EXERCISE MATERIAL —

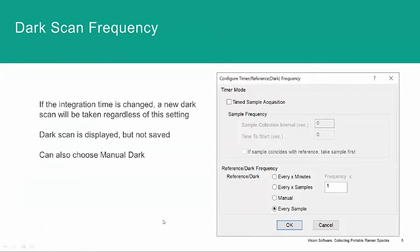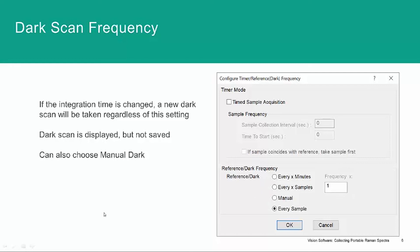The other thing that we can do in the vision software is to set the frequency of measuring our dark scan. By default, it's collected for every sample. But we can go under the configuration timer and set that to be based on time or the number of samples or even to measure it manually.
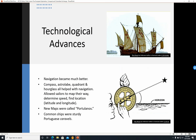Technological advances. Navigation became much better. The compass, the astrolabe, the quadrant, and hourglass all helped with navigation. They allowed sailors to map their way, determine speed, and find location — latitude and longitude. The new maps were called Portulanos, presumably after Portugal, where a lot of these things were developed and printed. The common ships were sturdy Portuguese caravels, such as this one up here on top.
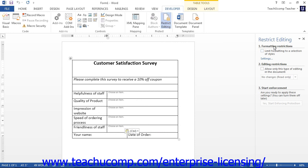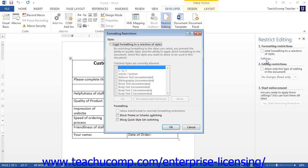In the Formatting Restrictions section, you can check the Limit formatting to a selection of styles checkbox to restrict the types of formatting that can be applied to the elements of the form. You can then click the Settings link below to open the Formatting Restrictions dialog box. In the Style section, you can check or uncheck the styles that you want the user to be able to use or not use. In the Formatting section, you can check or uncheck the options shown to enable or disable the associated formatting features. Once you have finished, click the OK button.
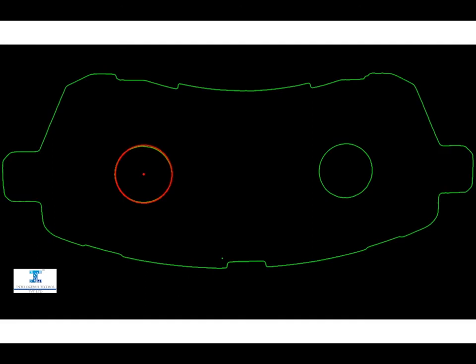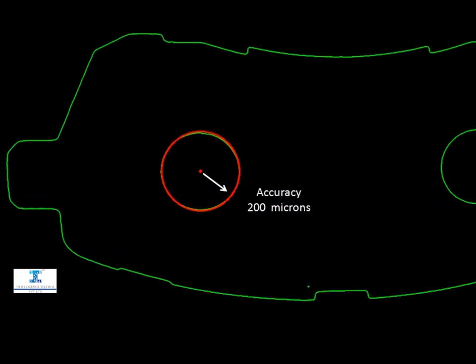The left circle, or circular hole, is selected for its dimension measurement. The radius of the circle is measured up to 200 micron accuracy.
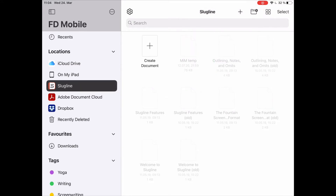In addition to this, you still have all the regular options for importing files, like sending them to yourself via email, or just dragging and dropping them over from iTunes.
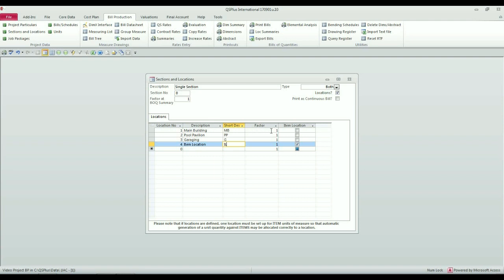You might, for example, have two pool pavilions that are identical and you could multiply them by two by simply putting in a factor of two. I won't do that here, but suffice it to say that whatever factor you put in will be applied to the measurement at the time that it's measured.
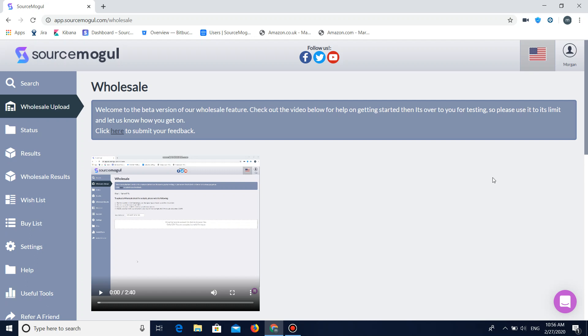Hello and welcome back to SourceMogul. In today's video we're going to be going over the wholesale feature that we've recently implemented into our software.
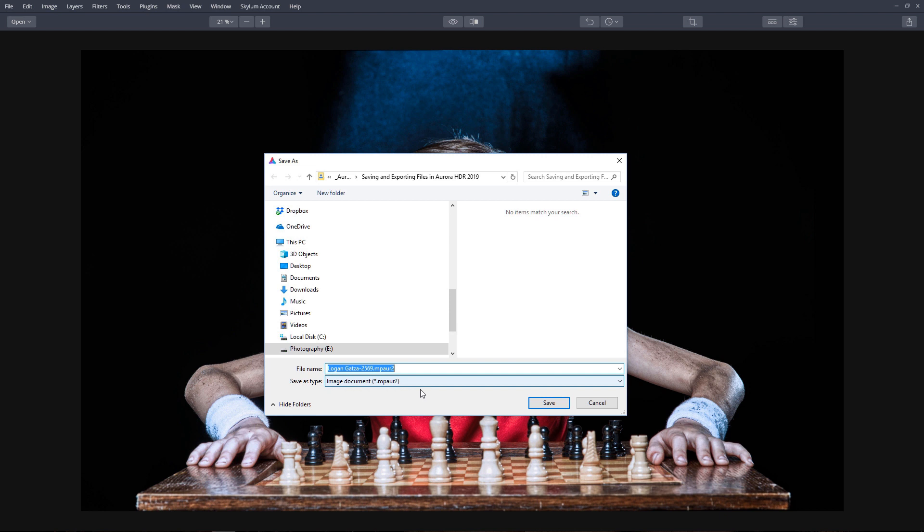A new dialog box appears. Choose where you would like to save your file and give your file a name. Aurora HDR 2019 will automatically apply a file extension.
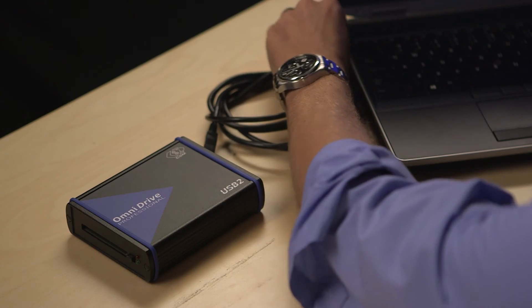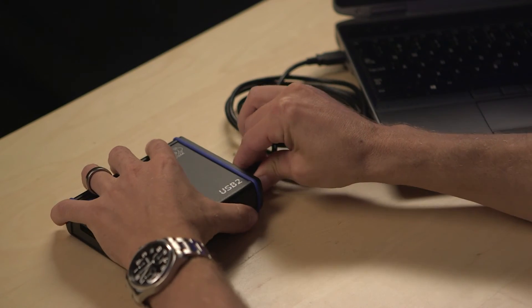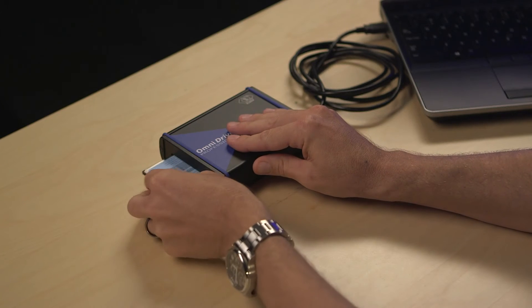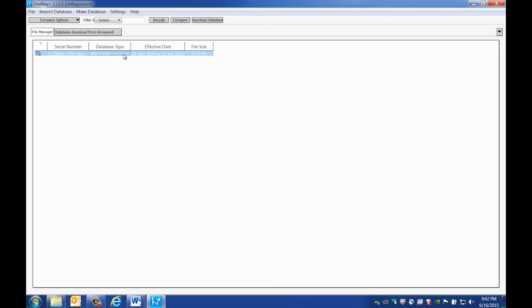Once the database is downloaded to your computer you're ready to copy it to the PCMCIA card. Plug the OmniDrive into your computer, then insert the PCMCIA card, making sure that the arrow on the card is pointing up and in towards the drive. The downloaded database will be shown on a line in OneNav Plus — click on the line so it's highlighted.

--

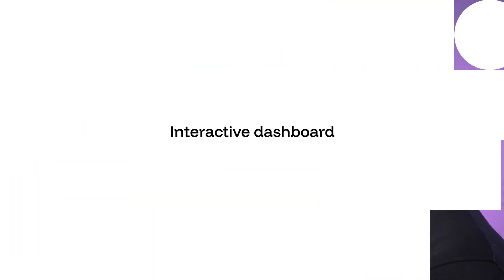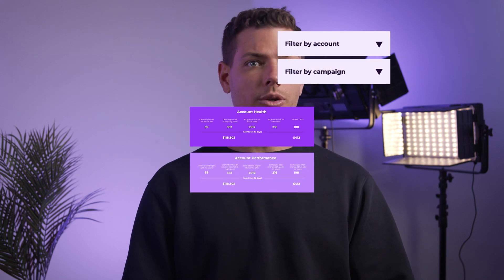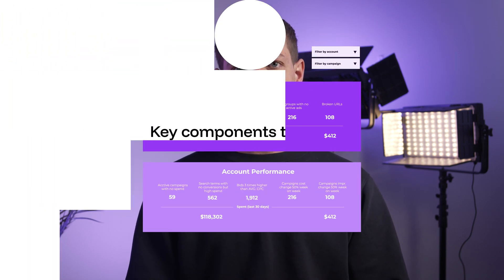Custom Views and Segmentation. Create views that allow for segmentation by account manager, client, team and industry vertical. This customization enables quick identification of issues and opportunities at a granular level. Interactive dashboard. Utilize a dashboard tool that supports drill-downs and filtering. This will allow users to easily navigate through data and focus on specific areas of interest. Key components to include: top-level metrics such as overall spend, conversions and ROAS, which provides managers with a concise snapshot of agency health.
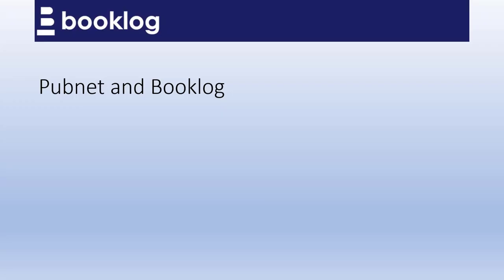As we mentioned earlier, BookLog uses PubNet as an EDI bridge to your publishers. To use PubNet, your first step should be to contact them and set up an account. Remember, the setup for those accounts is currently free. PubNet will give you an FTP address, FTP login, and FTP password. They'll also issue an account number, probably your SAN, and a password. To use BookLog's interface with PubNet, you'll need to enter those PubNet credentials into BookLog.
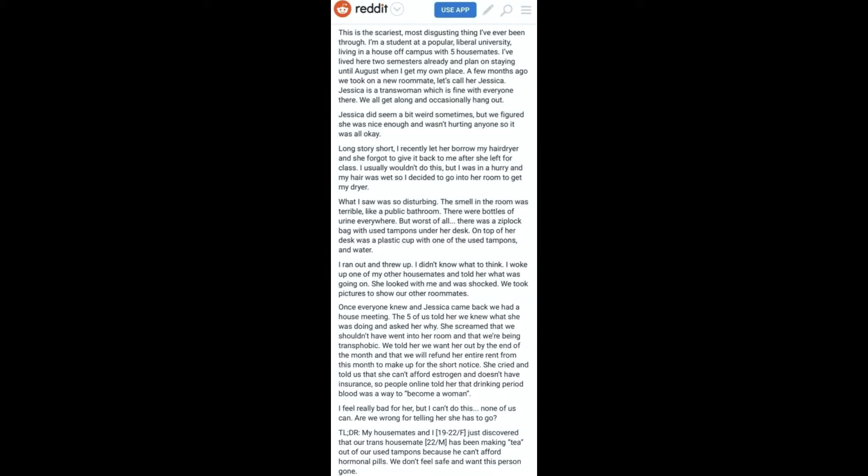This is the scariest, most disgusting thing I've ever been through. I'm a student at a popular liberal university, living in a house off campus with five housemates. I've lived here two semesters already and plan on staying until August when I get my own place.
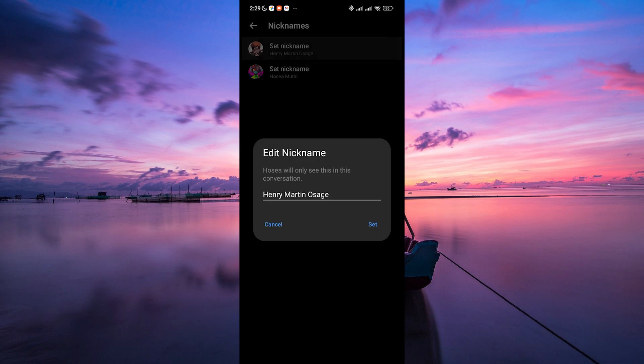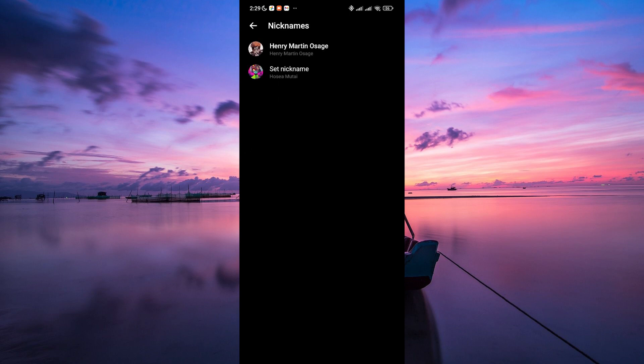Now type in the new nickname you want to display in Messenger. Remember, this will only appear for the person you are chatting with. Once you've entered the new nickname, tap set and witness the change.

---

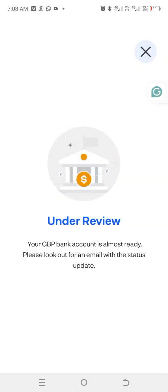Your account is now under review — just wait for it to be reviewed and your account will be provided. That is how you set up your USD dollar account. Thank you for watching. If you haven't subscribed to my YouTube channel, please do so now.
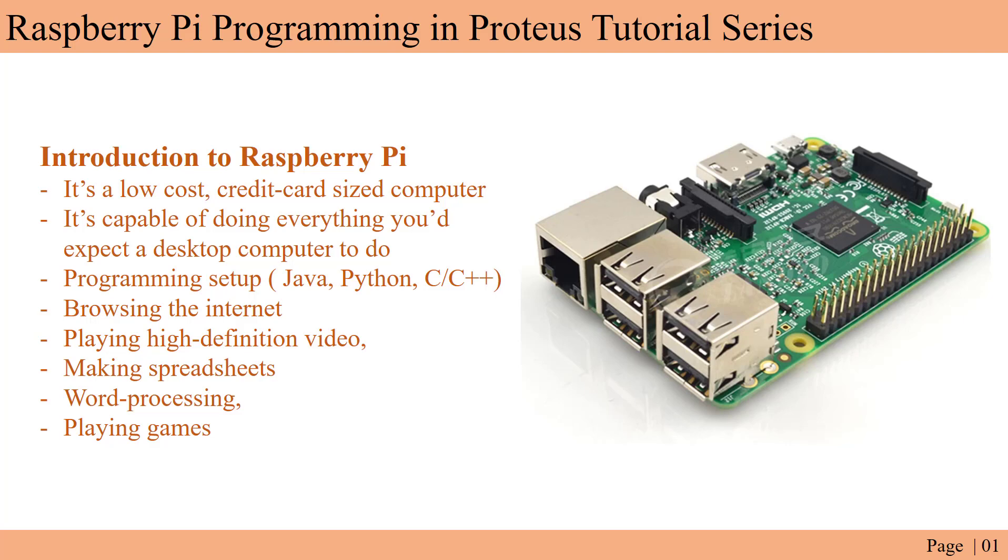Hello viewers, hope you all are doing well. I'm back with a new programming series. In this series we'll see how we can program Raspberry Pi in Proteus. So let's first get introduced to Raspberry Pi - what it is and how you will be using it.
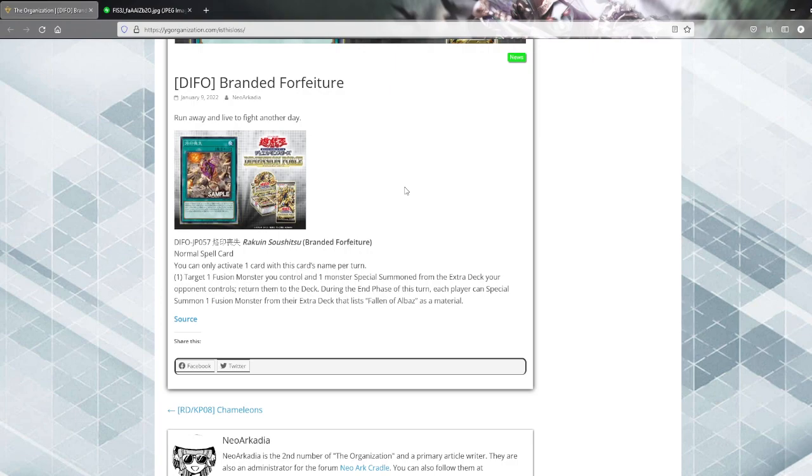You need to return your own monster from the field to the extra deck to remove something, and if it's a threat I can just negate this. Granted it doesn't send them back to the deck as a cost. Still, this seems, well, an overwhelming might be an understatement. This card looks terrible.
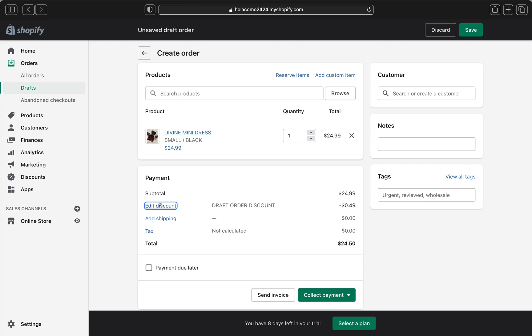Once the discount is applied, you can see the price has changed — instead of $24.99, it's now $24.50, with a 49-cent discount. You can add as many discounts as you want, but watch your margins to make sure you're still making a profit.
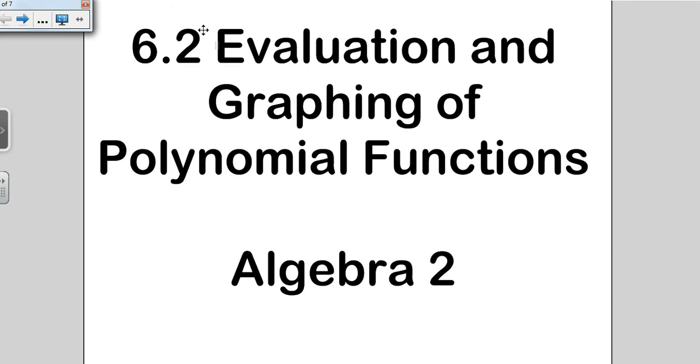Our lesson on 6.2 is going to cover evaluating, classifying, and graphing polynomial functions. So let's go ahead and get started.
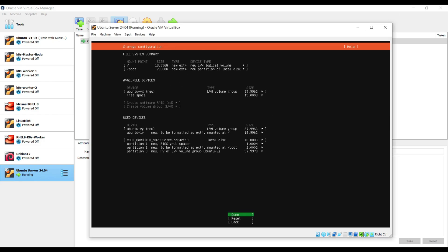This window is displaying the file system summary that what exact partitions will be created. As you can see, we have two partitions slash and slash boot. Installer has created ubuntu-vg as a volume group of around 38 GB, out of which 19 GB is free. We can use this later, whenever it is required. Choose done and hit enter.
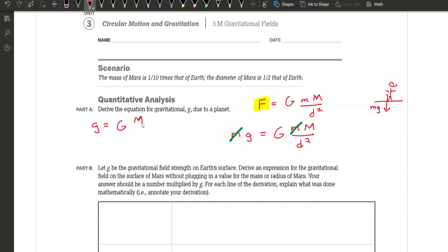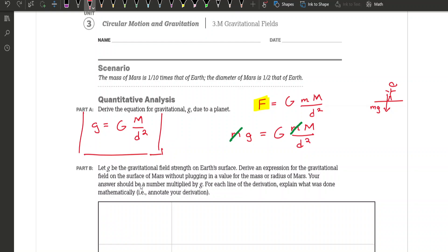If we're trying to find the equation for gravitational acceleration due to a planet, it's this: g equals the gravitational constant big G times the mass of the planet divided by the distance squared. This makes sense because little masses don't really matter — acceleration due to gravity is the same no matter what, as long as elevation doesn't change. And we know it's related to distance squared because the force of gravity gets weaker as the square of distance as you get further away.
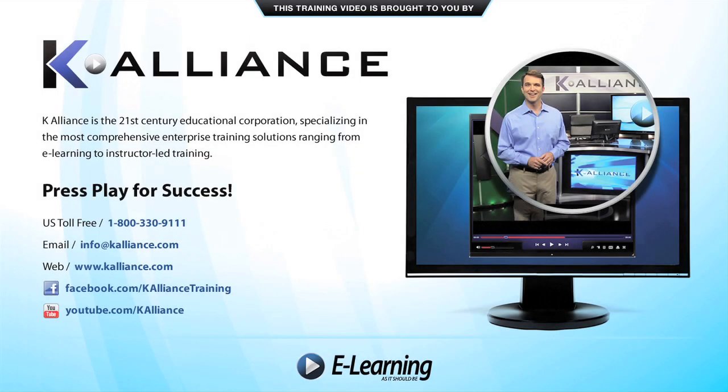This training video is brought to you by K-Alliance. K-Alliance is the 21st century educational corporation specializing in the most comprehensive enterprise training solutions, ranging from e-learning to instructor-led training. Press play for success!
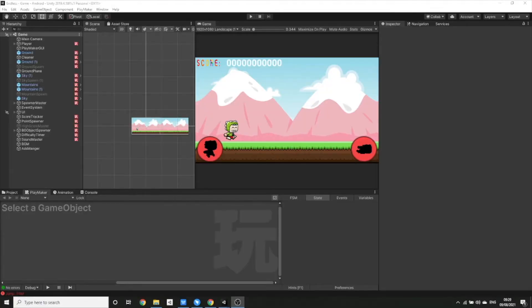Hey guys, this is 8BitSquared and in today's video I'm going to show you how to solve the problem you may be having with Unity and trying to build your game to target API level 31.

BRIEF — What you return must match, character for character, the lines above from the one with "This training video" through the one with "Hey guys, this", minus any pictures.

OUTPUT —
This training video is brought to you by K-Alliance. K-Alliance is the 21st century educational corporation specializing in the most comprehensive enterprise training solutions, ranging from e-learning to instructor-led training. Press play for success!
Hey guys, this is 8BitSquared and in today's video I'm going to show you how to solve the problem you may be having with Unity and trying to build your game to target API level 31.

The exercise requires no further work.